* _TO DO_:
The entries below contain pictures. Write out only the lines from the line with "The Iris Return" up to and including the line with "Emily – My Animal", exactly, without them.

Data excerpts
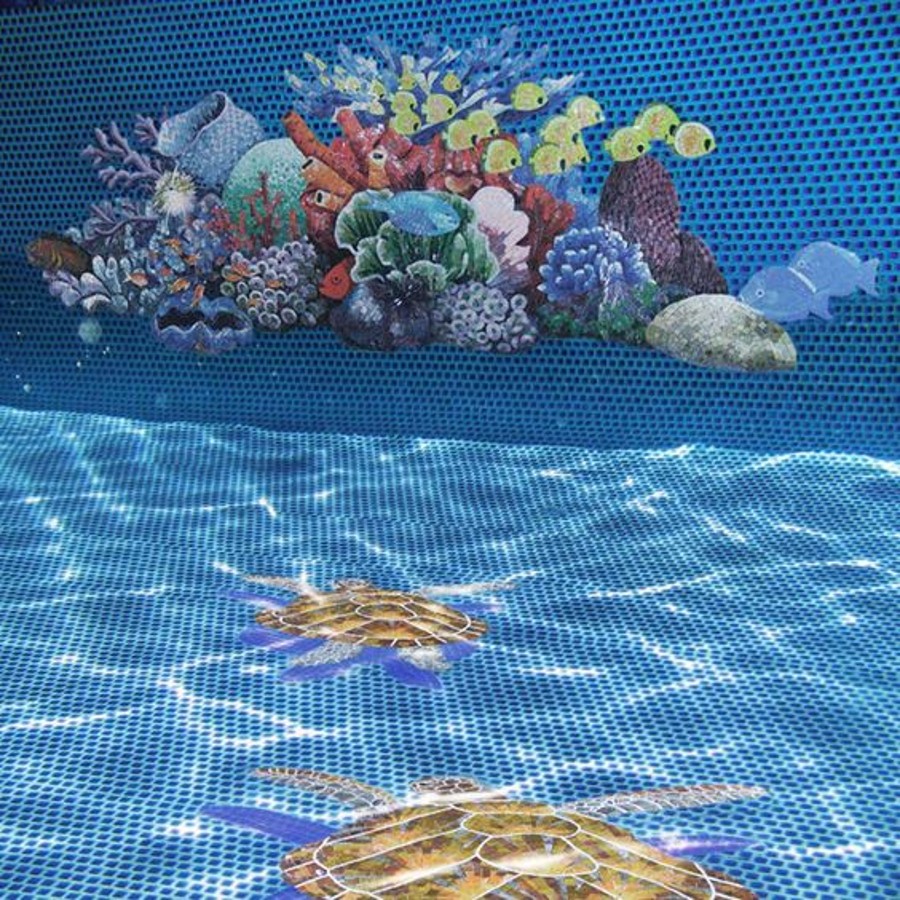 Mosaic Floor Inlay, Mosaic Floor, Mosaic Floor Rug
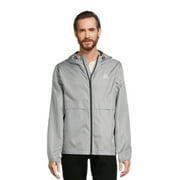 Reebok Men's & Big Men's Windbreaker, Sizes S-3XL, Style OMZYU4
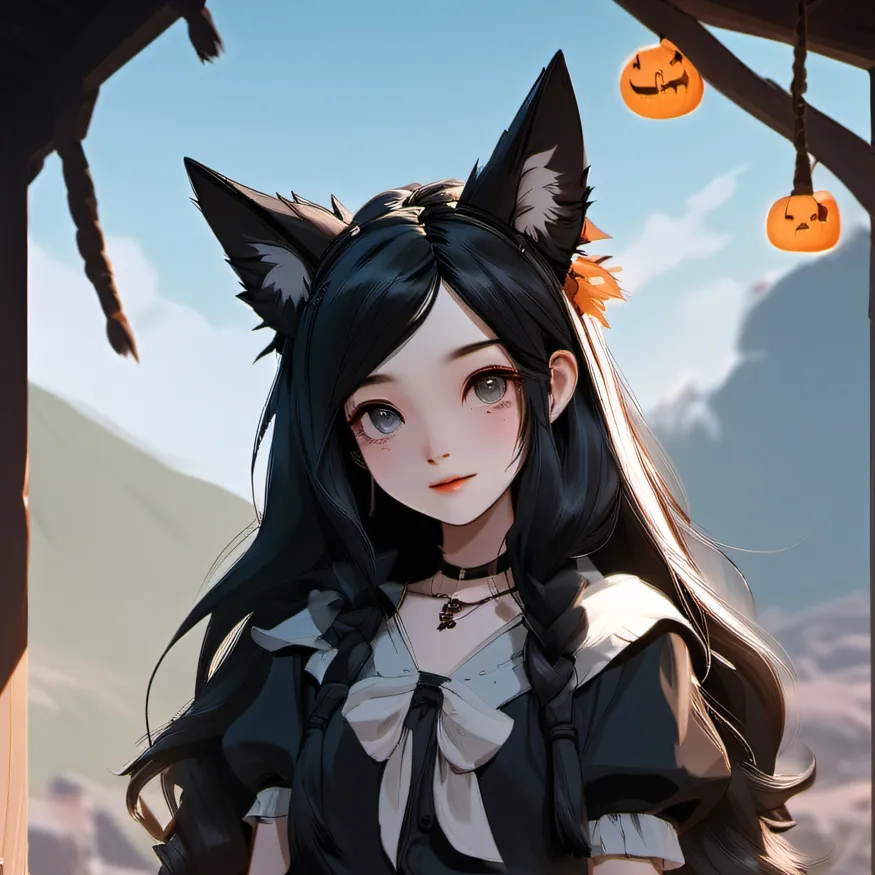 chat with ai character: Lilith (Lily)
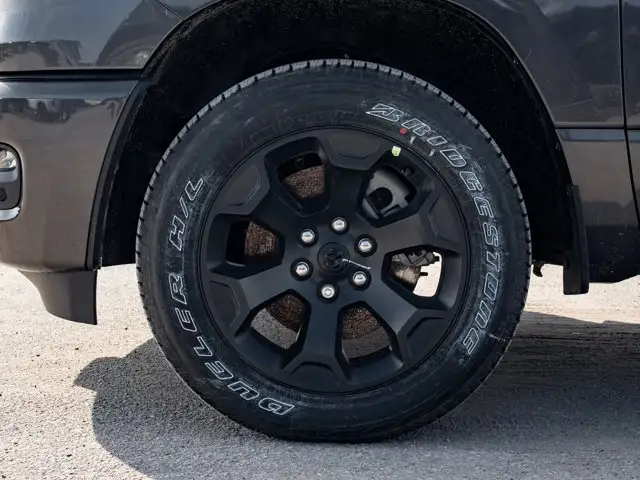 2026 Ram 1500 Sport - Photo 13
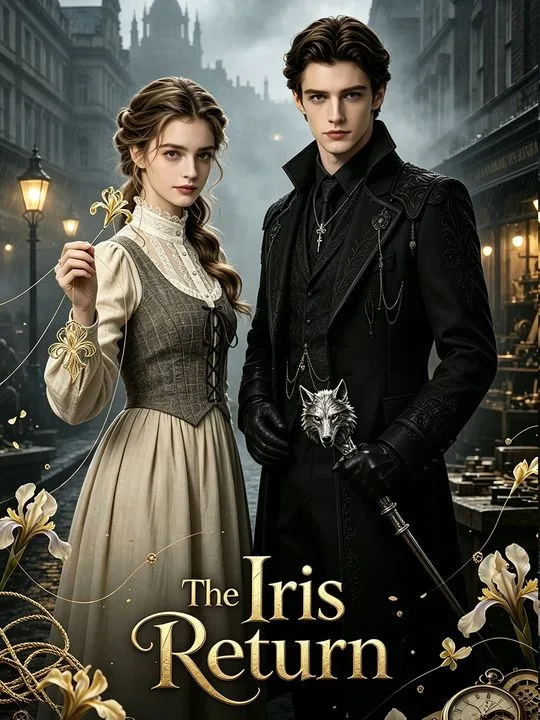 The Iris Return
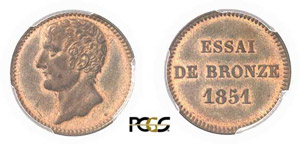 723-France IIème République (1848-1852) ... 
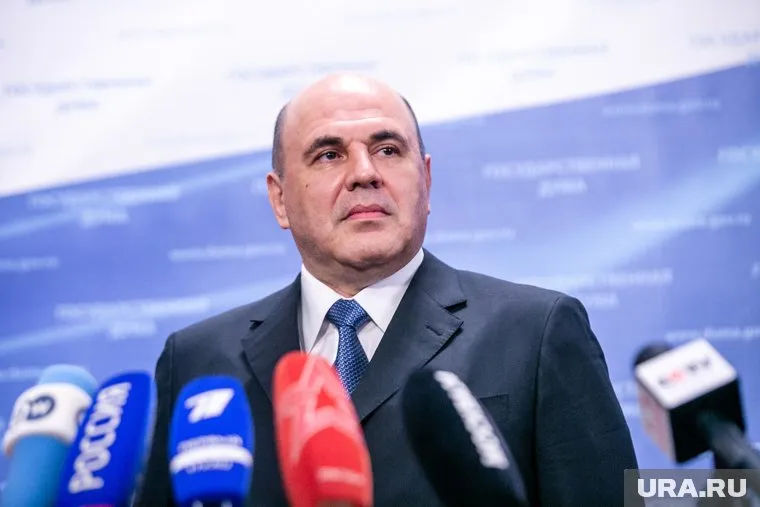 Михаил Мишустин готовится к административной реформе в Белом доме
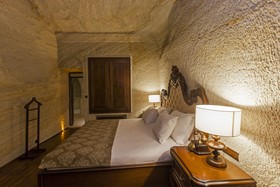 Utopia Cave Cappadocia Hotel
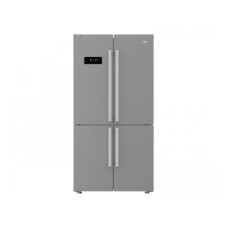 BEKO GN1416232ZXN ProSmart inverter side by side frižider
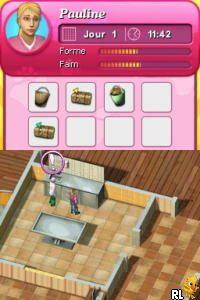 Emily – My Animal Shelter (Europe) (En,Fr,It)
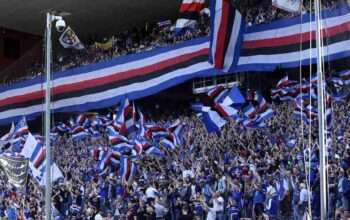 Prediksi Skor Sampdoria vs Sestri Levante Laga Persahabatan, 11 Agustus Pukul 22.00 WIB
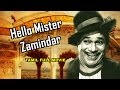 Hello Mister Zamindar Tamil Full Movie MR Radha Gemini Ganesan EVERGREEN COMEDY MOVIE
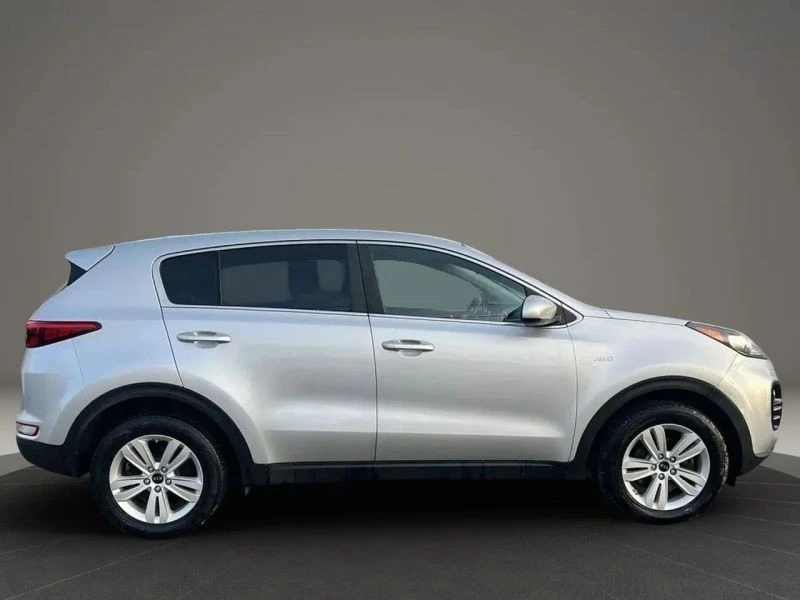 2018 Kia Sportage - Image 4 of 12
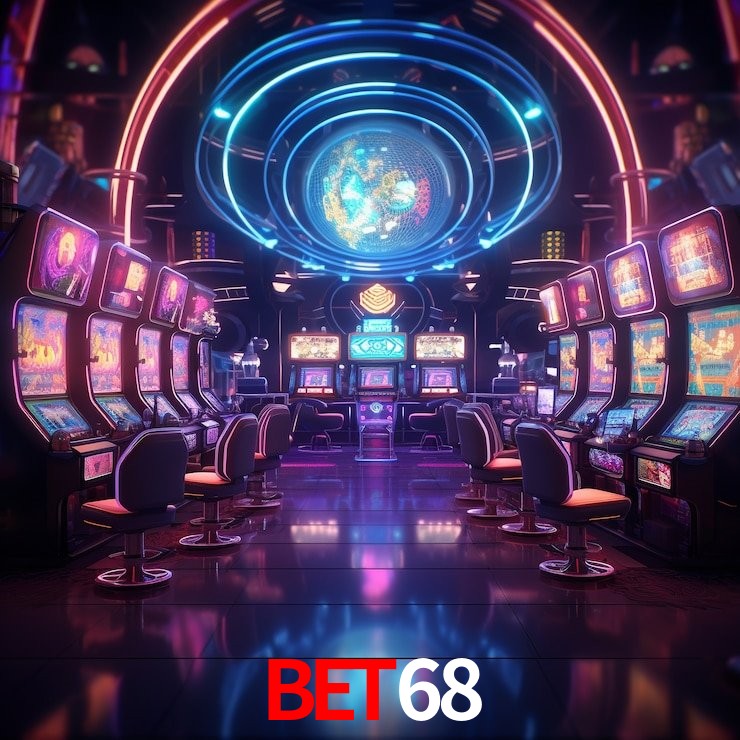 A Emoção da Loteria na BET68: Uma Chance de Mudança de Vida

* _RESPONSE AREA_:
 The Iris Return
 723-France IIème République (1848-1852) ... 
 Михаил Мишустин готовится к административной реформе в Белом доме
 Utopia Cave Cappadocia Hotel
 BEKO GN1416232ZXN ProSmart inverter side by side frižider
 Emily – My Animal Shelter (Europe) (En,Fr,It)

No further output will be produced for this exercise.